Stat 6559 Statistical exploration of data

Description

Because of the recent advancement of statistical applications in different areas, there a high demand for qualified professionals in the area of statistical techniques for data analytics and big data analysis. The
proposed course deals with a set of multivariate techniques that explore the data visualization and identification of patterns in the data. This course will equip the students with statistical and computational skills for turning big data sets into meaningful insights that may help to achieve a proper interpretation.

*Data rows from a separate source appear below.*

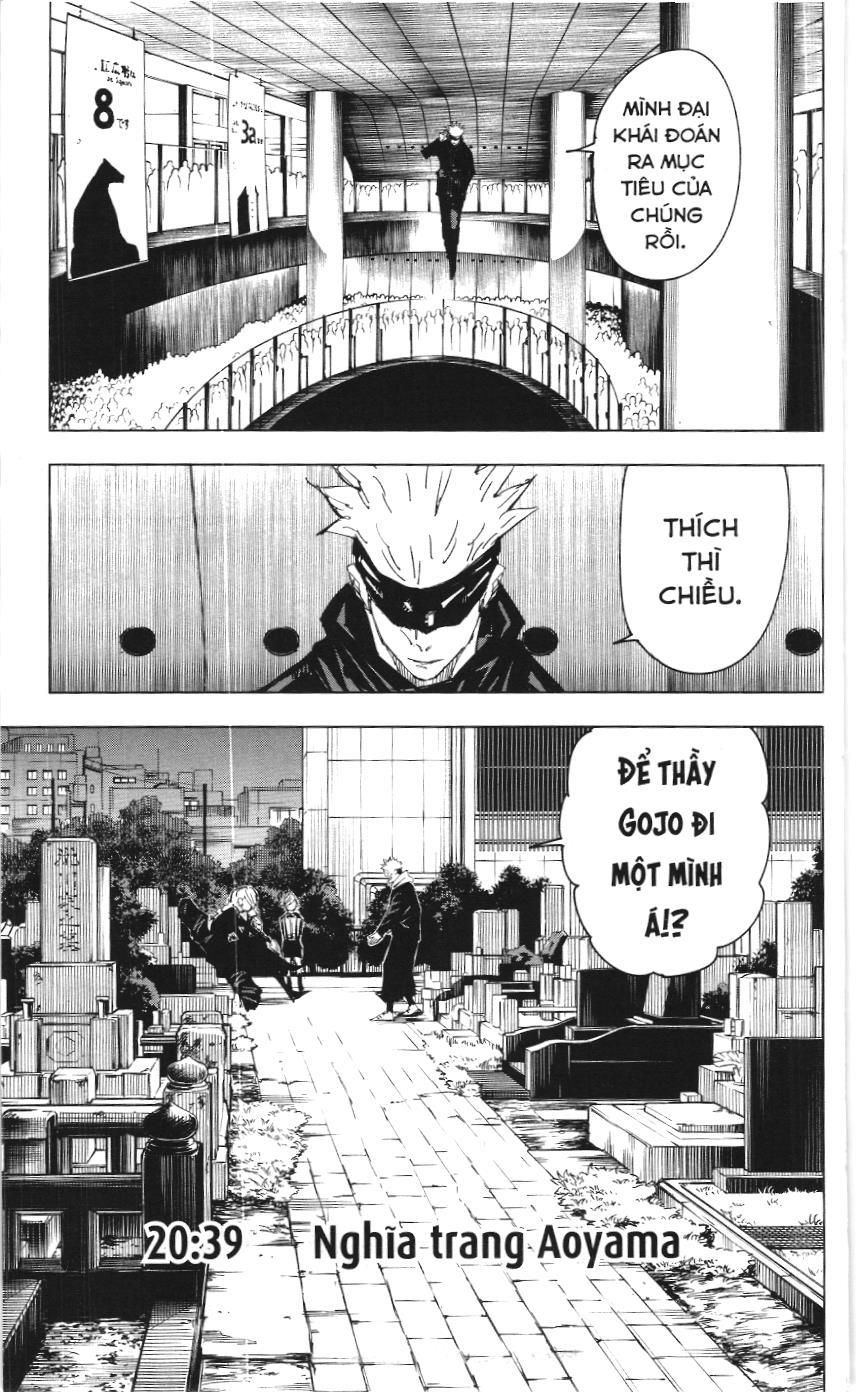 Chú thuật hồi chiến (NXB Kim Đồng) Chap 1.2 - Next Chap 2.2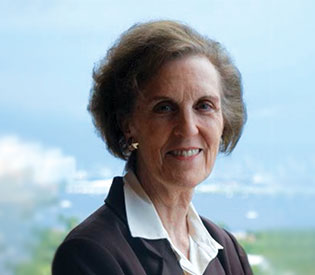Taffy Gould. Link to her story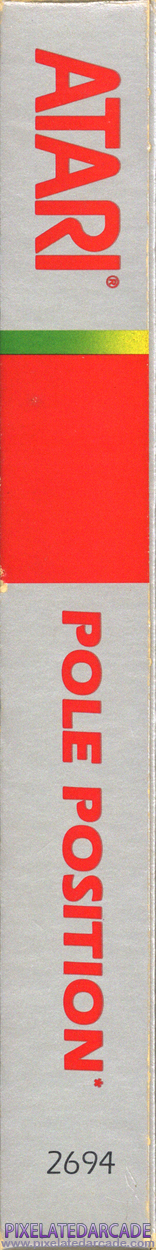 Pole Position Cover Art: Right Spine Pole Position Cover Art: Right Spine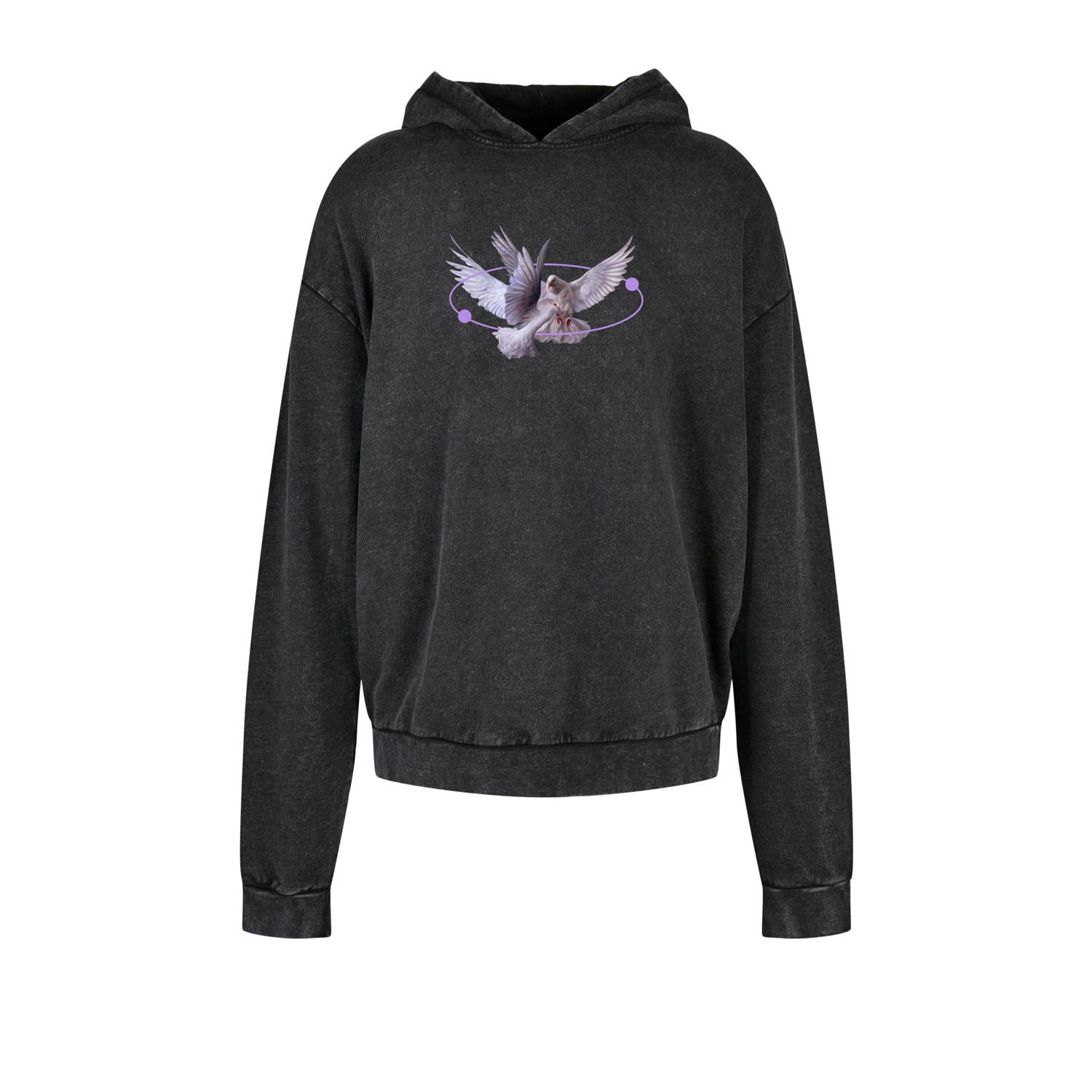 Mister Tee hoodie zwart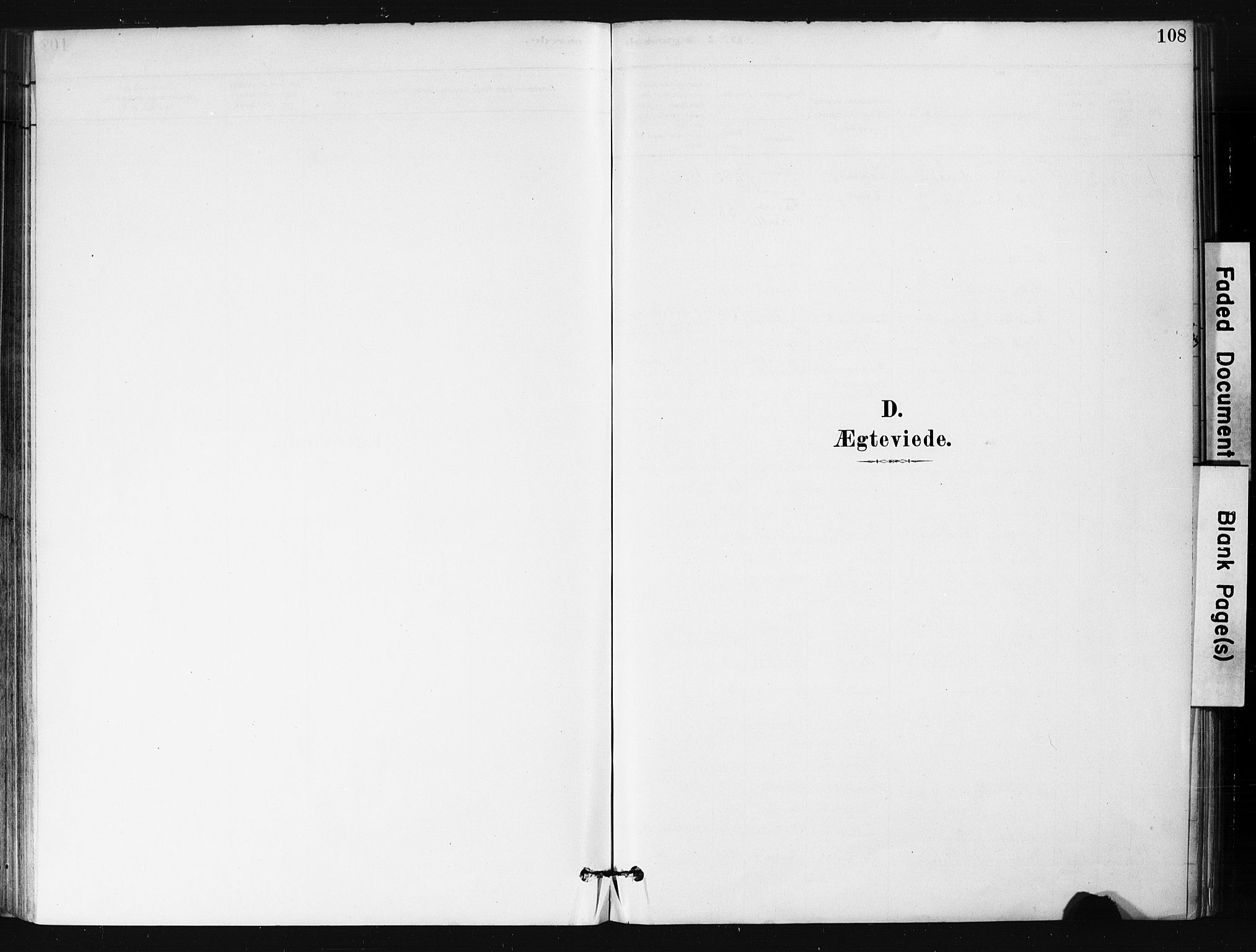 Hedrum kirkebøker, SAKO/A-344/F/Fb/L0001: Parish register (official) no. II 1, 1881-1905, p. 108
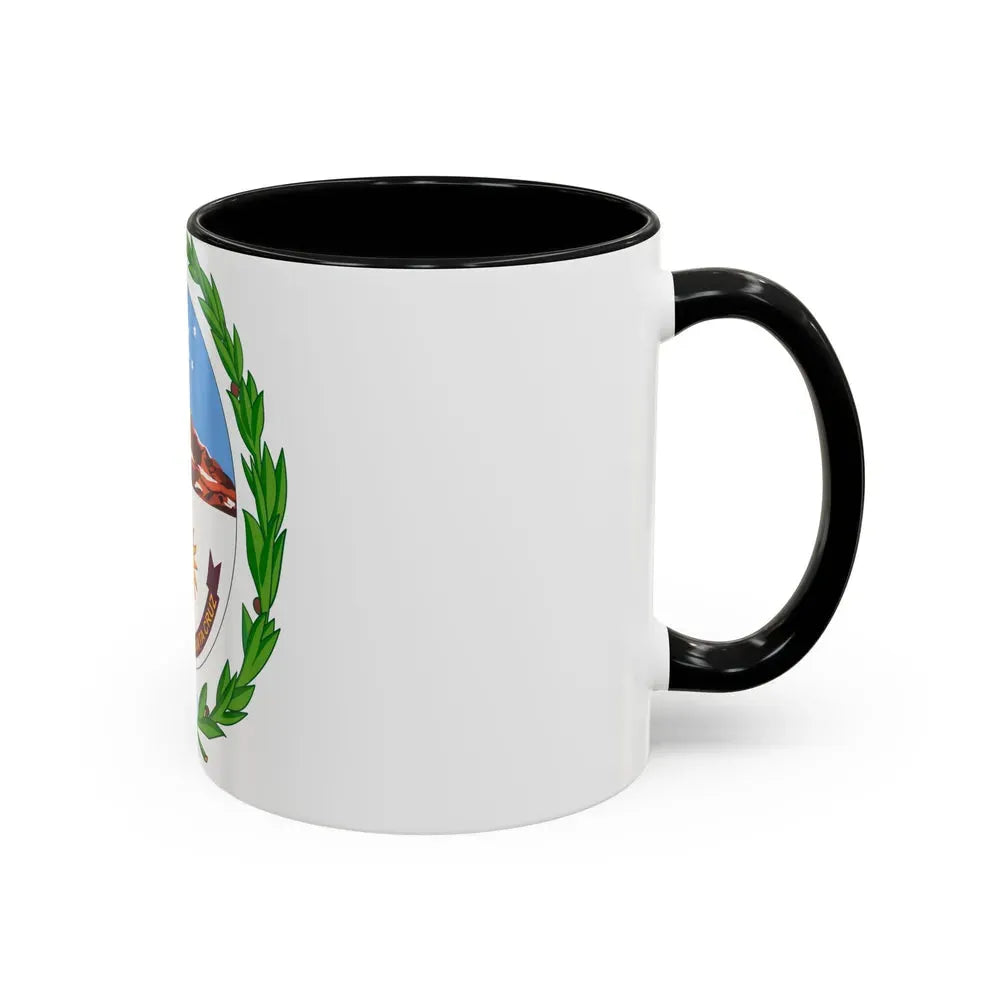 Coat of Arms Santa Cruz Argentina - Accent Coffee Mug - Go Mug Yourself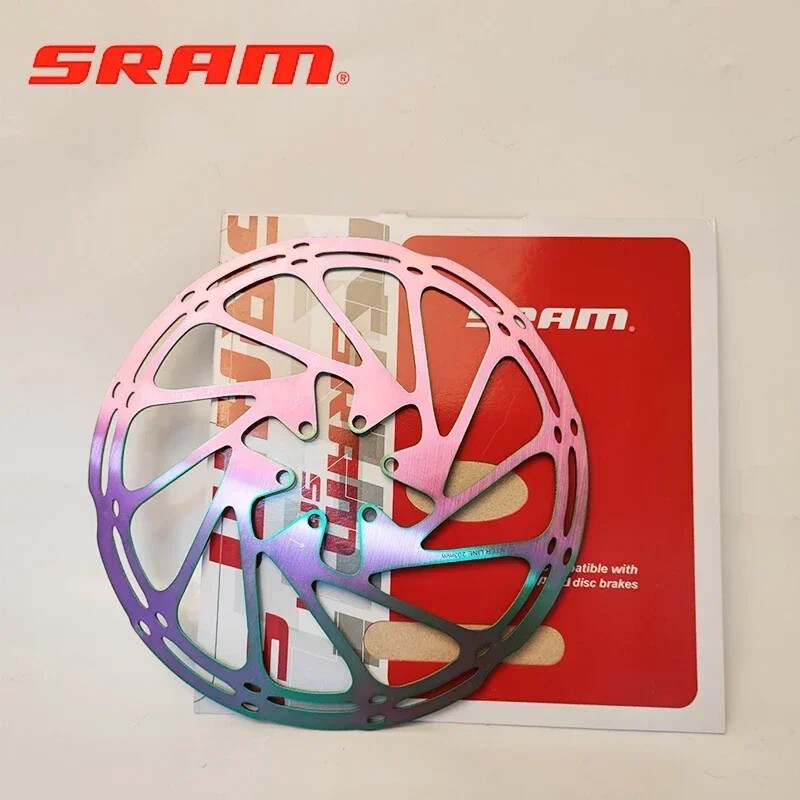 2PC Bicycle Brake Rotor 160mm 180mm 203mm MTB Centerline Rotor Hydraulic Brakes
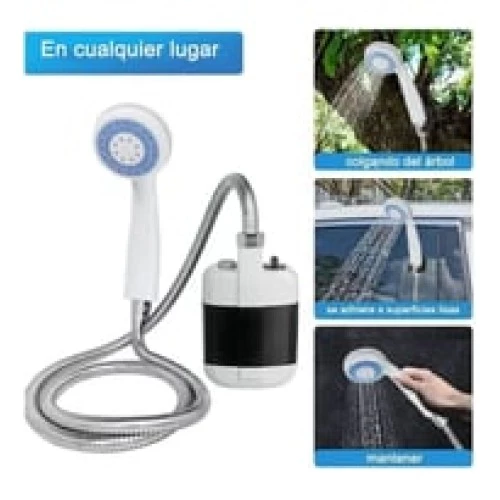 Periboia Taşınabilir Duş Seti – Pompalı ve Şarjlı - 3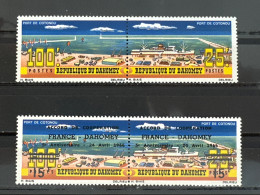 Dahomey MNH 1965 Porte De Cotonou Et 1966 Avec Surcharge - Benin - Dahomey (1960-...)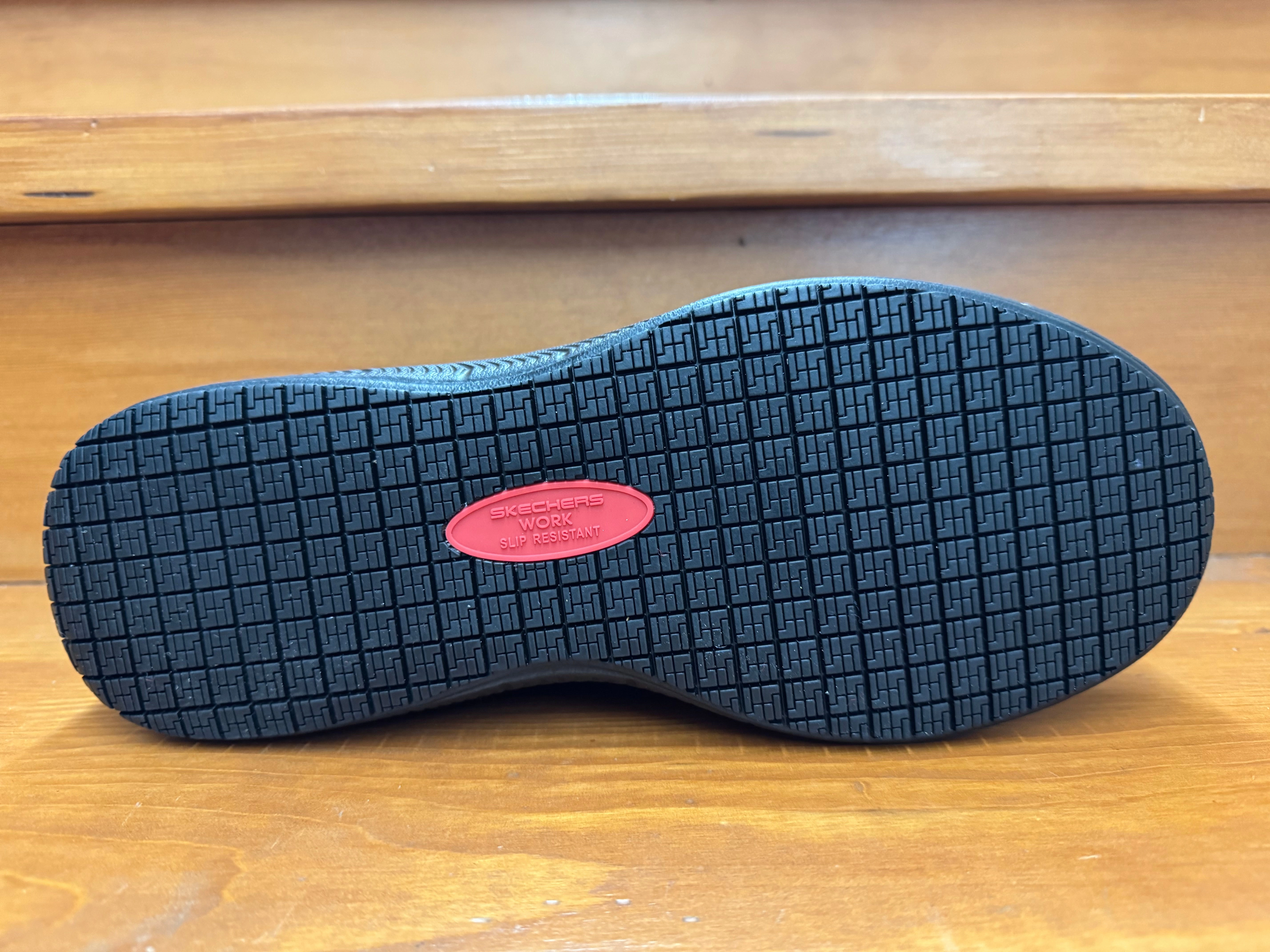 Foot Focus Quick Hike Skechers Skechers Slip-ins Work: Summits - Colsin Black 200205 BBK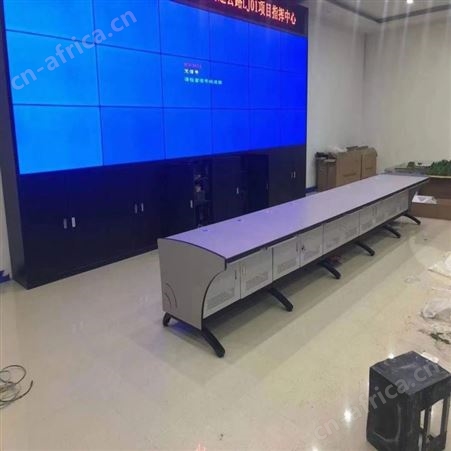 指挥室指挥中心控制台厂家 指挥大厅操作台 定制操作台 旭峰家具 现货供应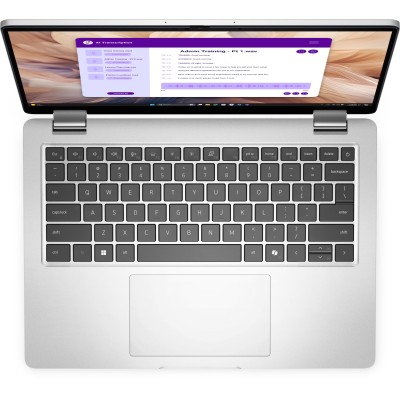 Ноутбук Dell Pro 14 Plus 14" FHD+ AG, Intel U5-235U, 32GB, F512GB, UMA, Win11P, сріблястий (BTO108PB14250UA_W11P)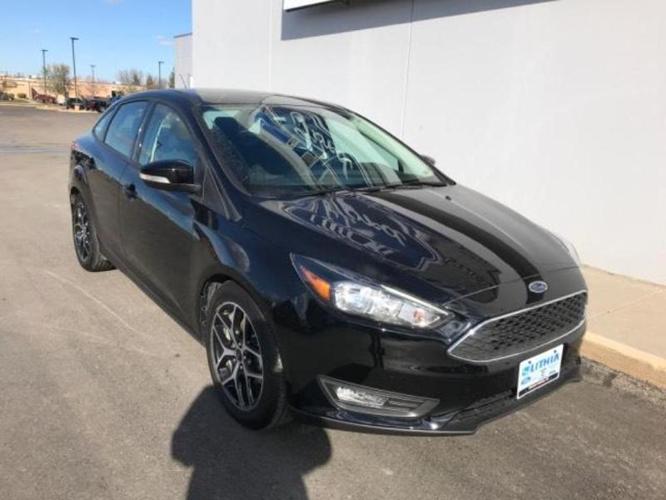 2018 ford focus sel sel 4dr sedan for sale in grand forks, north dakota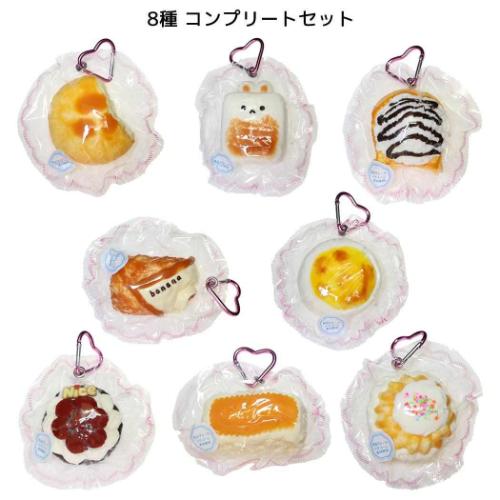 おもちゃ 極とろスクイーズ 厳選スイーツver. 全8種 8個セット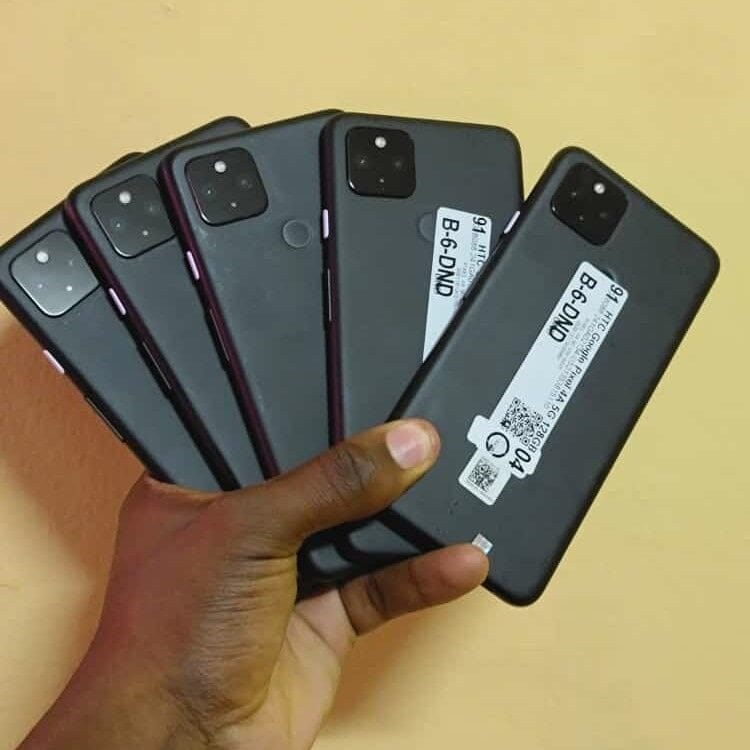 Image de GOOGLE PIXEL 4A 5G - 128GO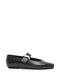 Emporio Armani Flat shoes BLACK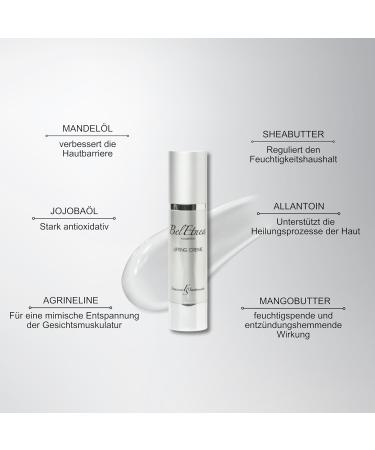 Belentnea 24h Lifting Cream - High-Dose Day & Night Facial Care for Men & Women | Anti-Fold & Lifting Treatment for Face Neck Eyes & Cleavage - Buy Online on GoSupps.com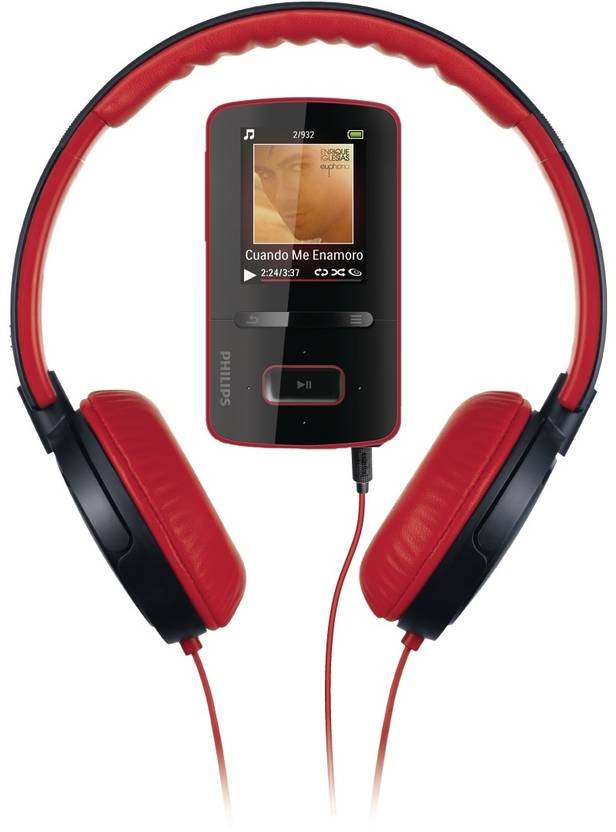 PHILIPS GoGear 2 GB MP3 Player - PHILIPS : Flipkart.com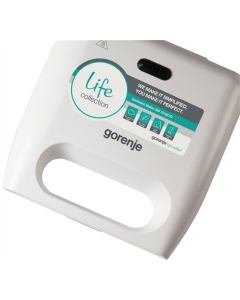 Бутербродниця Gorenje SM701GCW Біла (White)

This course will first introduce multivariate random variable and multivariate normal distribution followed by multivariate likelihood ratio tests. Supervised learning methods such as linear discriminant analysis, logistic regression, neural networks, recursive partitioning and nearest neighbours will be included. Unsupervised learning methods that will include are principal component analysis, cluster analysis. Other  topics includes are methods for data visualization of large data sets using software R.

Tentative course outline

  1. Review of statistical estimation and testing of hypothesis.
  2. Exploring Multivariate Data -- Graphical and Estimation of Parameters
  3. Multivariate random variable, Multivariate normal distribution.
  4. Likelihood ratio statistics, Hoteling T2 statistic, and Mahalanobis distance.
  5. Unsupervised learning - Association Rules, Principal component analysis, Cluster analysis.
  6. Robust statistics.
  7. Anomaly detection methods
  8. Data visualization using R - plotting large data sets, Projection pursuit.

Texts

  • An Introduction to Statistical Learning: With Applications in R by G James, D Witten, T Hastie, R Tibshirani, 2017.
  • The applied multivariate statistical analysis, 6th ed, by RA Johnson and DW Wichern. Pearson, 2015.
  • The elements of statistical learning by T Hastie, R Tibshirani, and J Friedman. Springer, 2009.